4 Jan 2026
Mateo Lafalce - Blog
K-means clustering is one of the most fundamental algorithms in unsupervised machine learning. Its goal is deceptively simple: take a messy, unlabeled dataset and organize it into tidy, distinct groups based on similarity.
Unlike supervised learning, where the computer is given the answers, K-means must find the hidden structure on its own.
The algorithm relies on an iterative process to find order in chaos. The K represents the number of groups you want to find, and the Means refers to the average center of those groups.
The T-Shirt Problem
To understand why this is useful, imagine a clothing brand that needs to manufacture T-shirts. They have the height and weight data of 10,000 customers, but they can't make custom shirts for everyone. They need to define three standard sizes: Small, Medium, and Large.
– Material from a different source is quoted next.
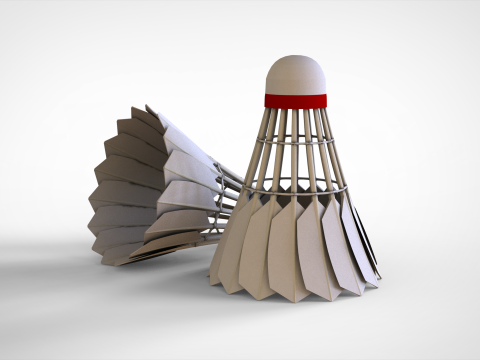 Badminton Shuttlecock Modelo 3D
Instead of guessing the measurements, they use K-means with K=3.
The algorithm plots all 10,000 customers on a graph. It creates three clusters based on where the data points naturally congregate. The mathematical centers of these three final clusters become the precise measurements for the Small, Medium, and Large shirts.
K-means is a tool for efficiency. Whether it is segmenting customers by purchasing behavior, compressing the colors in an image, or organizing documents by topic, K-means transforms raw noise into structured, actionable insights.